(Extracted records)

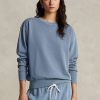 Blue Women’s Ralph Lauren Organic Cotton Crewneck Sweatshirts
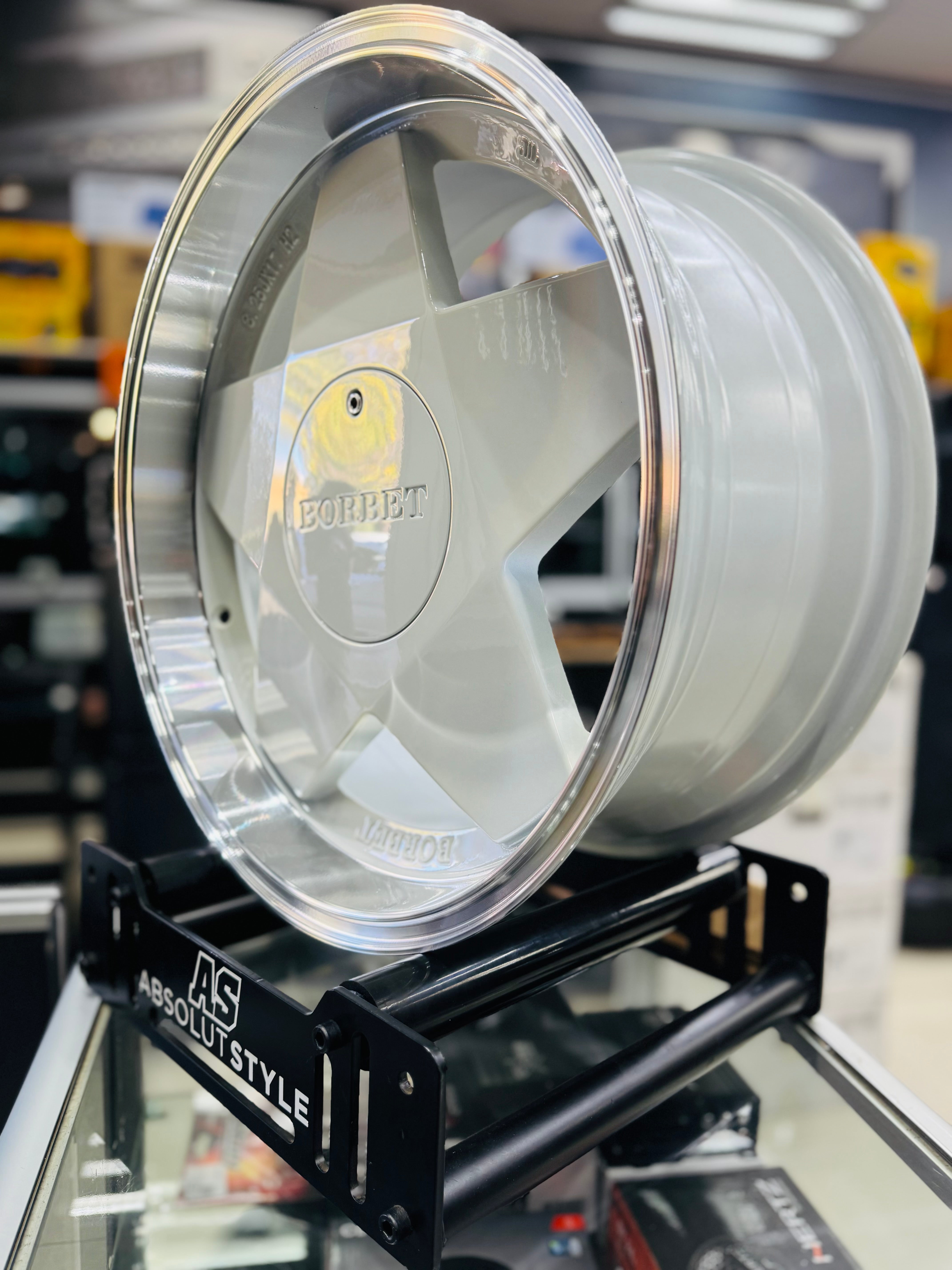 17” AS- BORB 4x100 & 5x100 WHITE WHEELS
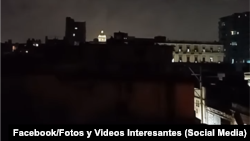 Apagón en La Habana.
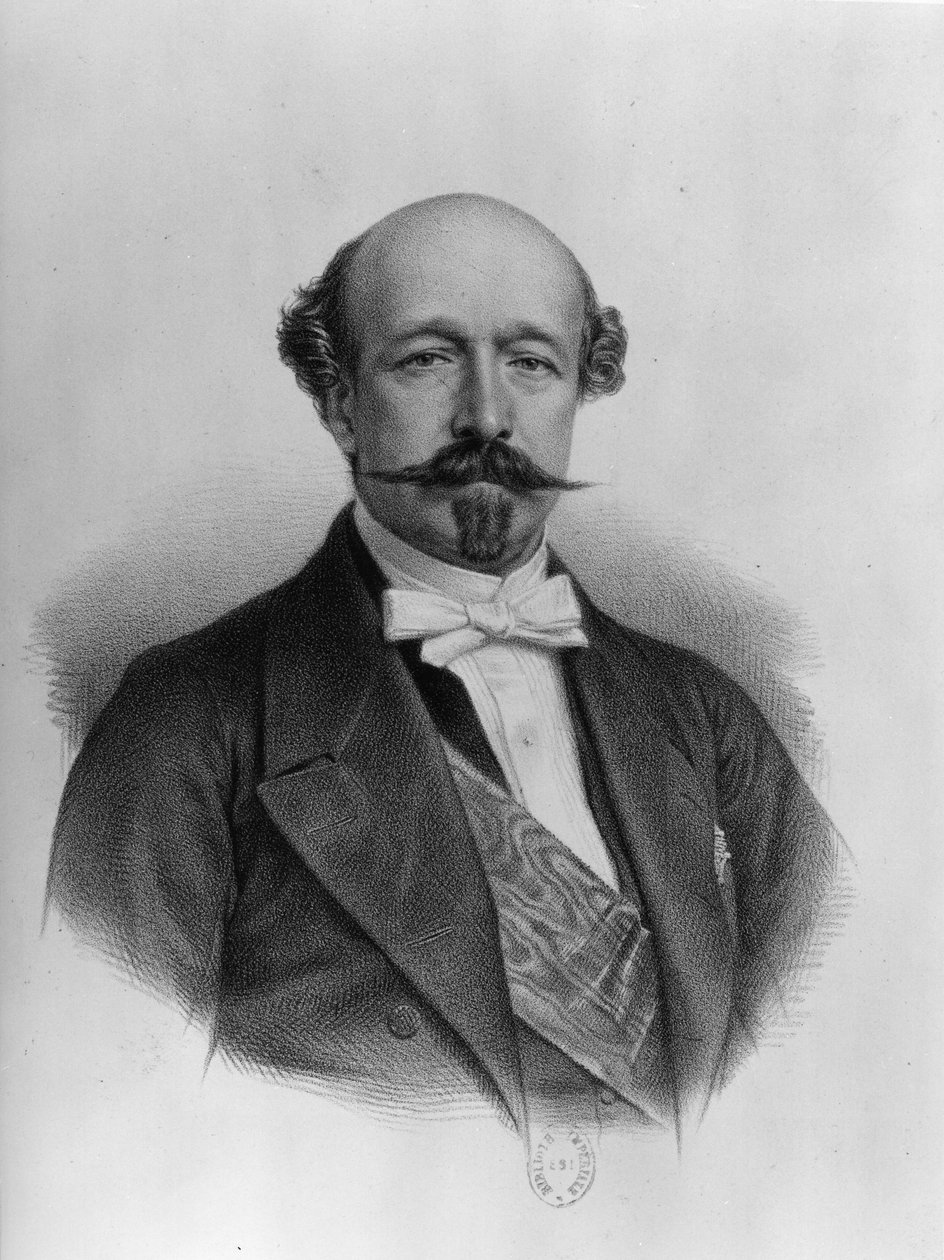 Portrét vévody Charlese de Morny (1811-65) kolem roku 1850 od French School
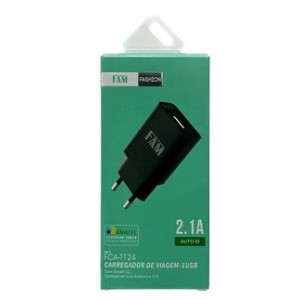 Carregador 1USB FCA-T124 FAM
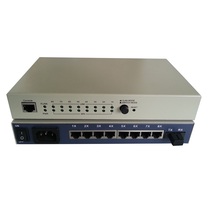 8电口光纤收发器 一光多电收发器一光八电收发器VLAN内电电源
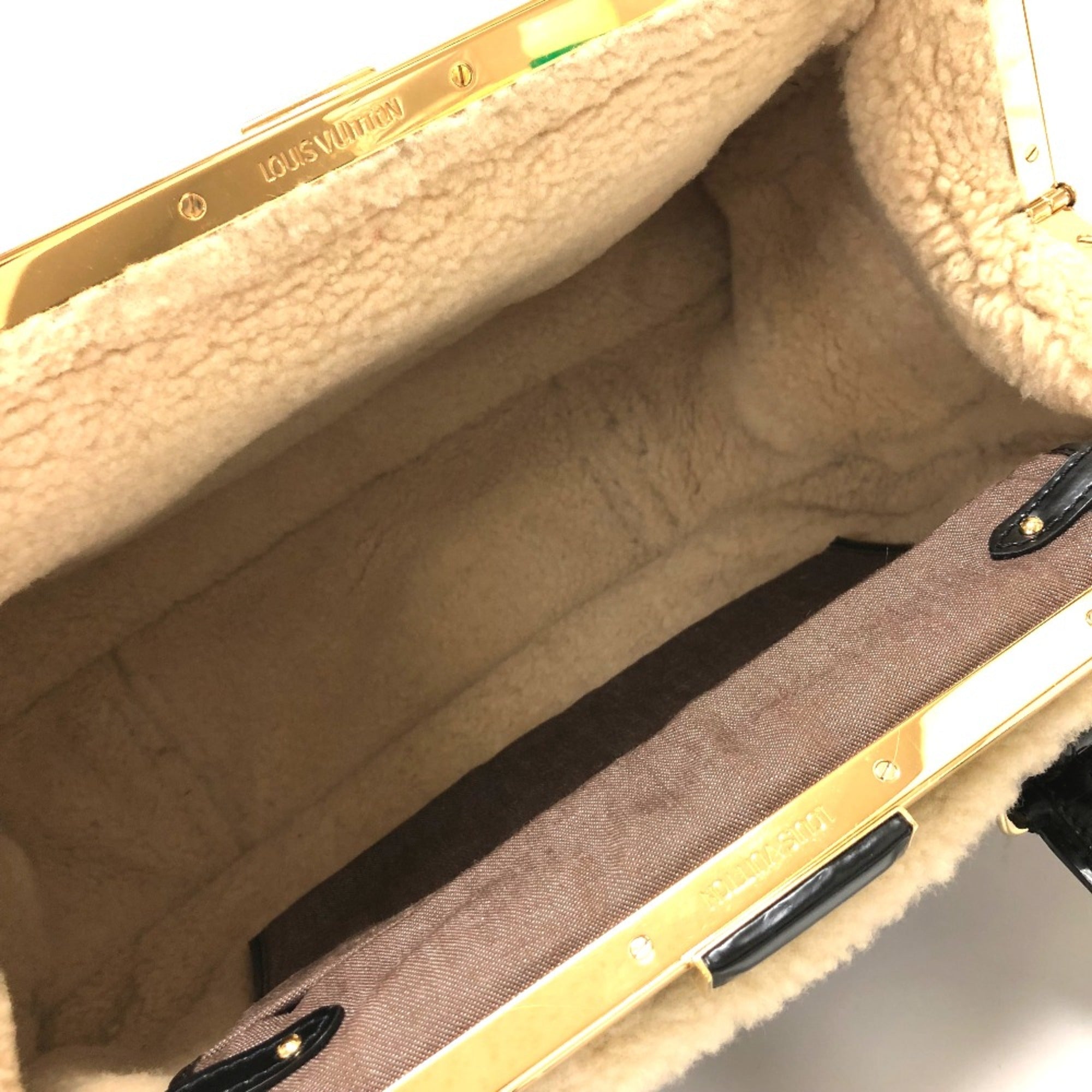 Louis Vuitton Brown Leather Handbag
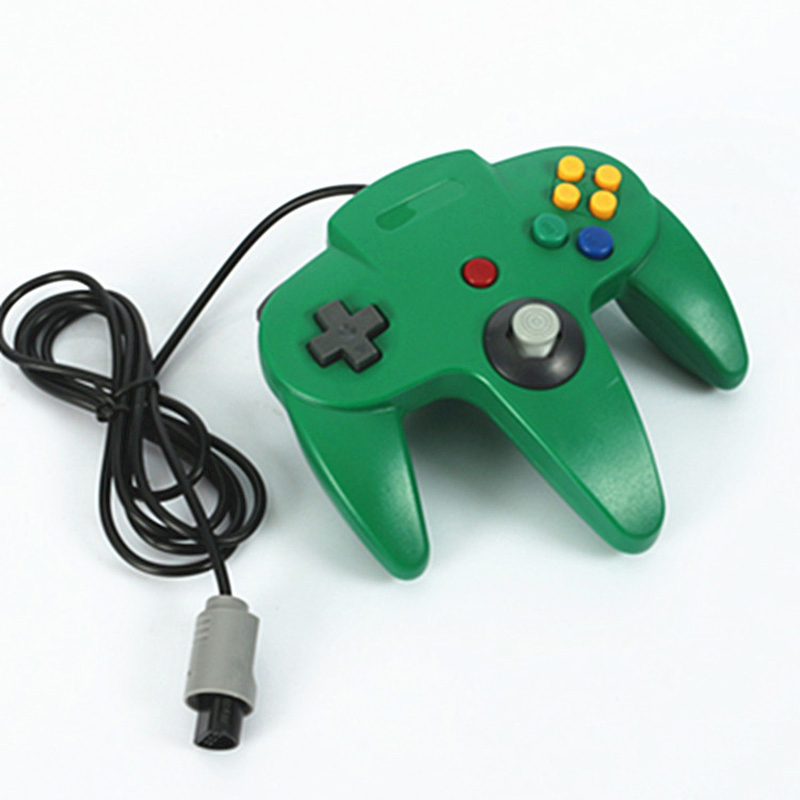 Ретро джойстик для N64 с цветным дизайном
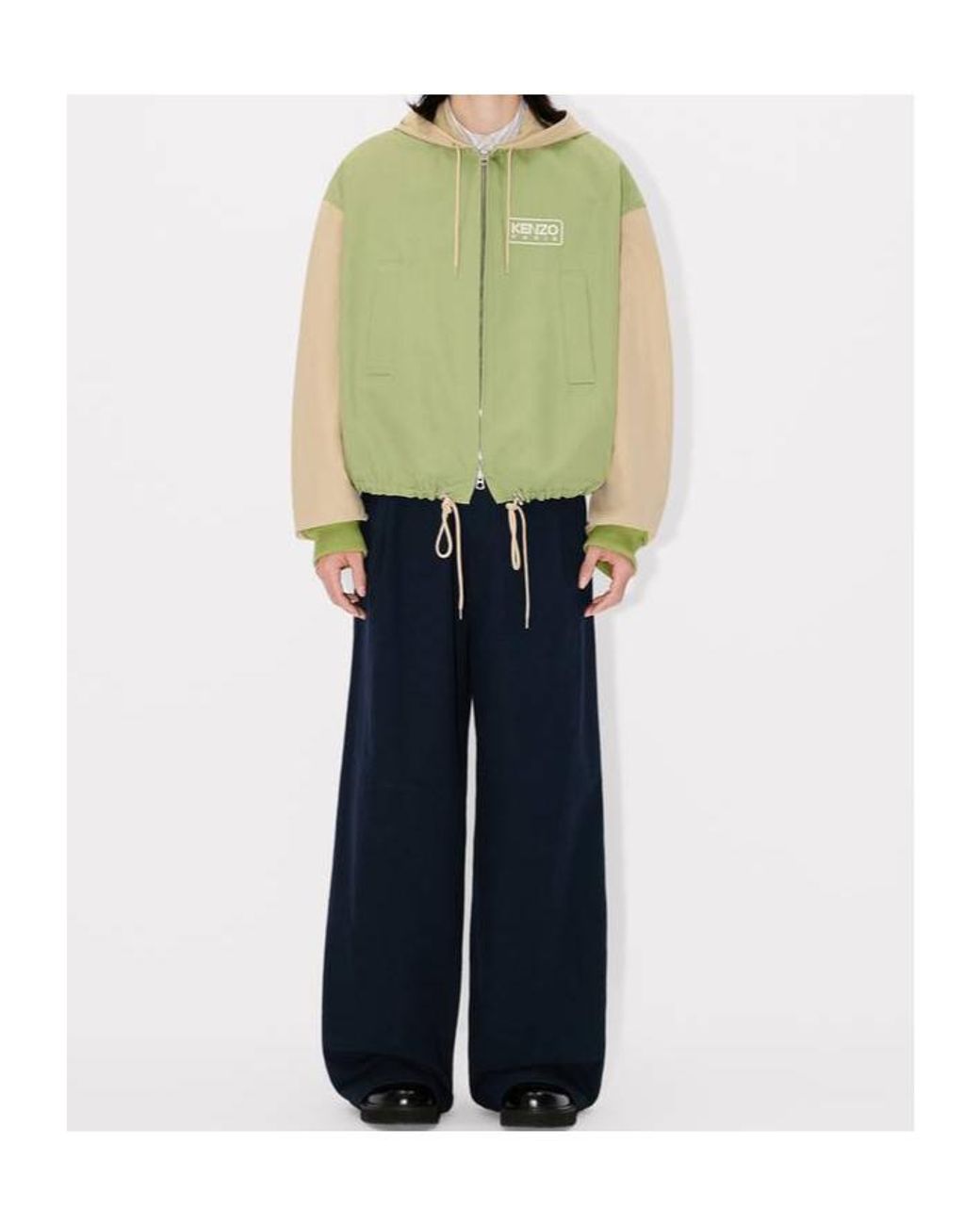 KENZO Green Hooded Parka for men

PROMPT → Restate, word for word and without pictures, the lines from the line containing "Ретро джойстик для N64 с цветным дизайном" to the last line of the records above.

EXPECTED ANSWER →
 Ретро джойстик для N64 с цветным дизайном
 KENZO Green Hooded Parka for men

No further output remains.